▸ **Work to be completed**:
The result should hold only the lines from the one with "افتتاح واحد تولیدی" through the final line of the data below, transcribed exactly, pictures left out.

>>>

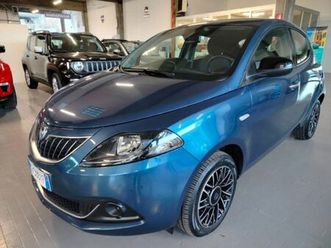 lancia ypsilon 1.0 firefly 5 porte s&s hybrid ecochic a. ferretti del 2024 usata a cesena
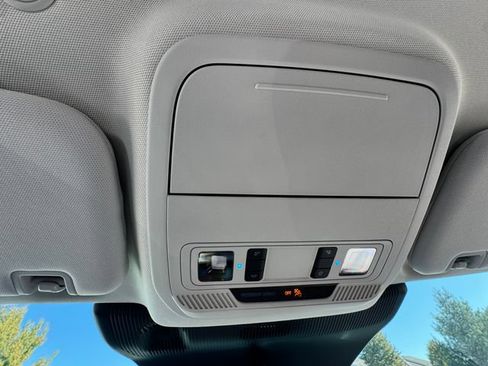 New 2026 Ford Explorer Active AWD/4WD image 36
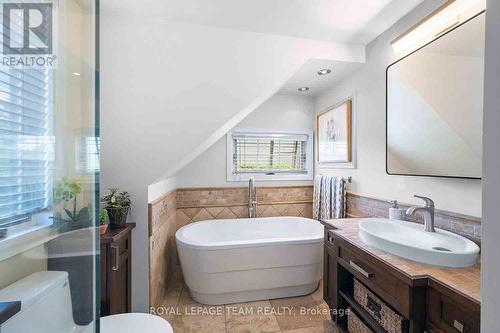 139 Pleasant Park Road, Ottawa, ON - Indoor Photo Showing Bathroom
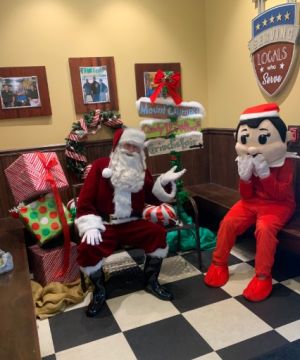 Metro Diner Santa Breakfast.jpg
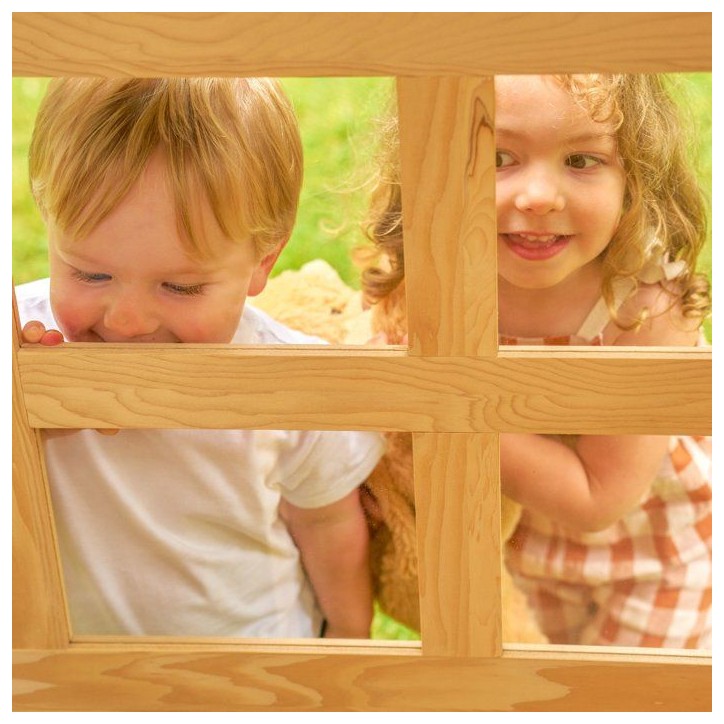 Maisonnette en bois - TP TOYS - Bouton d'or Cottage - FSC avec plancher - 89 x 98,6 x 134 cm Maisonnette en bois - TP TOYS - Bouton d'or Cottage - FSC avec plancher - 89 x 98,6 x 134 cm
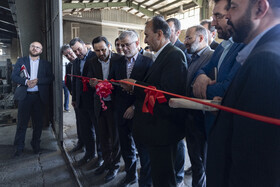 افتتاح واحد تولیدی بنیان موتور سهند توسط دهقان، معاون حقوقی رئیس جمهور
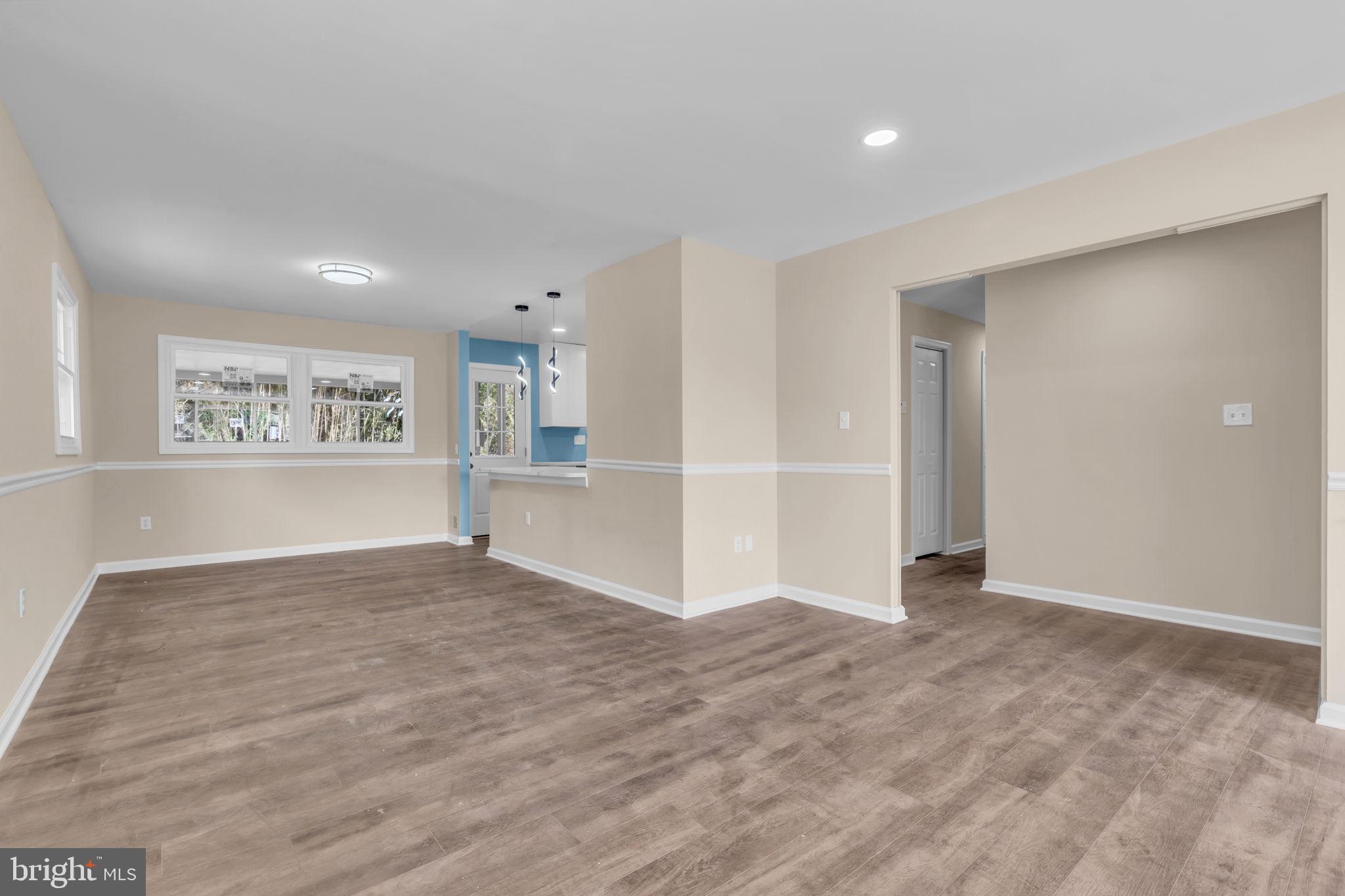 RIVER RIDGE - Residential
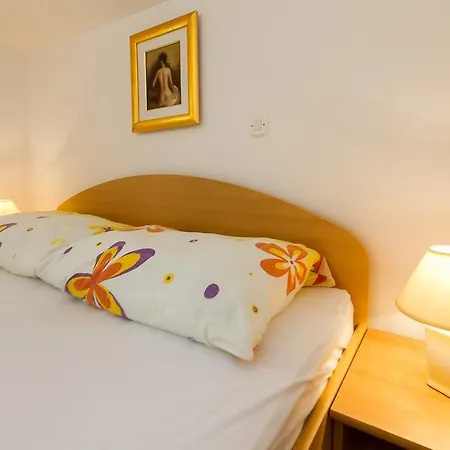 Apartment Vukelic *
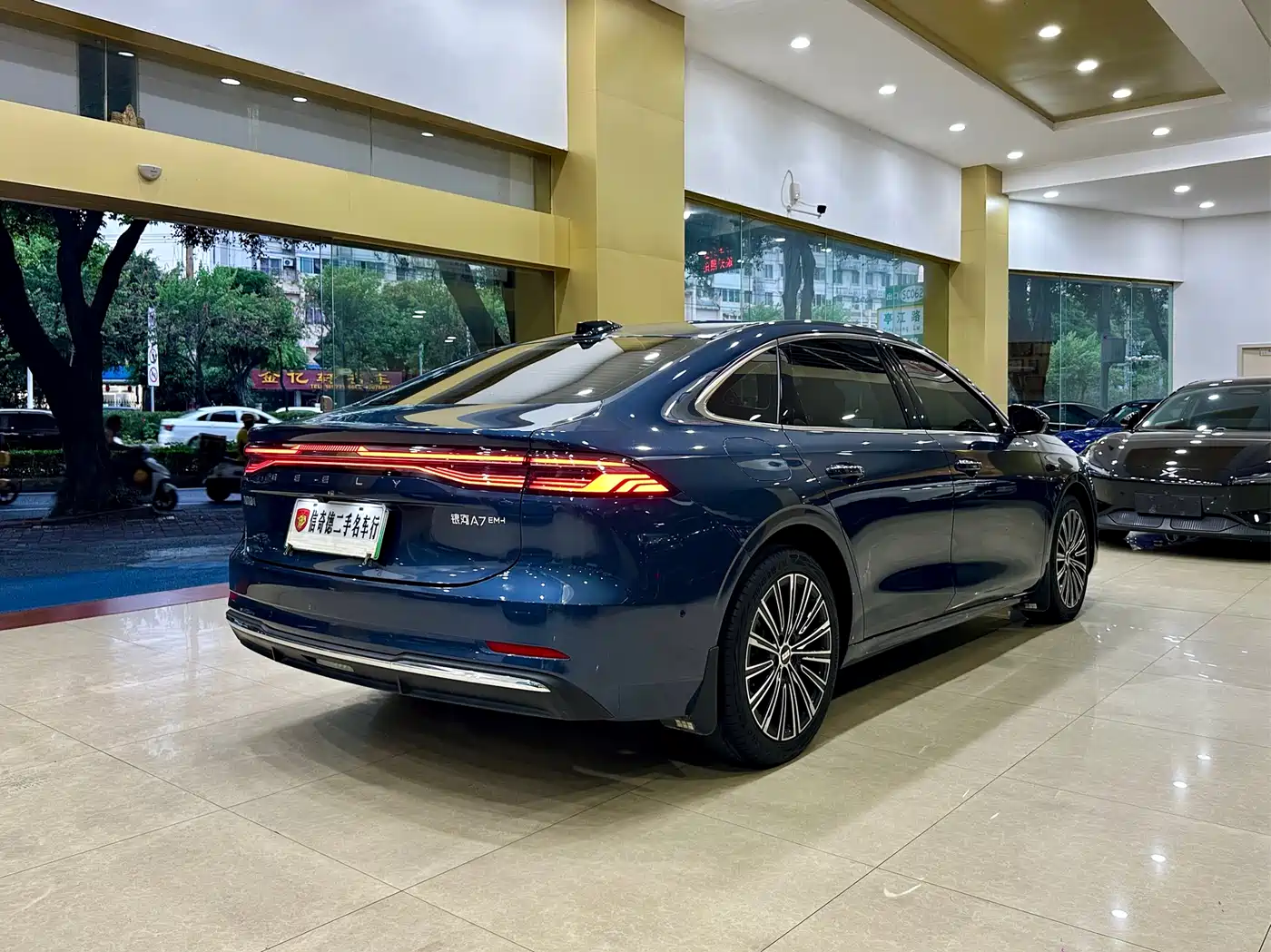 Geely Galaxy Galaxy A7 2025 EM-i фото 3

<<<

▸ **Answer to this exercise**:
 افتتاح واحد تولیدی بنیان موتور سهند توسط دهقان، معاون حقوقی رئیس جمهور
 RIVER RIDGE - Residential
 Apartment Vukelic *
 Geely Galaxy Galaxy A7 2025 EM-i фото 3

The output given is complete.